Late 80s and most of the 90s everyone and their Mom was making sets of baseball cards. Add to that the fact that common base sets were in the 660-800 cards range. They produced in such mass quantity that they are so readily available after 20-30 years still in unopened form. Because the base sets were so big you have tons of cards very few care about. For every team star there was 20-30 other guys. I believe the strike effectively killed the interest of a lot of collectors as well. I know that is when I stopped the first time. You had everybody entering the card production market since it was so popular but then all of the sudden the strike happened and demand died. The overproduction of this timeframe exagerated the issue. A lack of huge named rookies in the timeframe could also play some role.

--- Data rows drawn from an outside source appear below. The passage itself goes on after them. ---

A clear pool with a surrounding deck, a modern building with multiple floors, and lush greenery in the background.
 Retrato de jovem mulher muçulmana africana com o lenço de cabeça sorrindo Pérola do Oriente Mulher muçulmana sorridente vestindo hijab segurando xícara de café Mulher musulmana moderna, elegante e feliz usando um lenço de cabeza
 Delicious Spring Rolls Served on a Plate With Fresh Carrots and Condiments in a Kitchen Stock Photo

There were certainly some, but not enough.
I believe basketball cards likely picked up some collectors in this timeframe. Even in the late 80s there were far fewer manufacturers for basketball cards. Hoops and Skybox came on late 80s to join Fleer and eventually others in the 90s. Other than a few sets in the early 90s where base sets were huge most of the sets were much more manageable. I think people have more name recognition with the typical role players in basketball than they do baseball as well. Fewer rookies and the fact that the 90s really had some great rookies classes to collect no doubt helped. Shaq, Garnett, Kidd, the great 96-97 class including Kobe, Iverson, Allen and many others on up to Duncan. In retrospect there is probably just a much better rate of desireable cards in those unopened boxes than there are in the baseball sets from the era.
My knowledge of basketball sets is limited and I don't know much about late 90s baseball since I was out of the hobby but those are some guesses. Switzr makes some good points as well.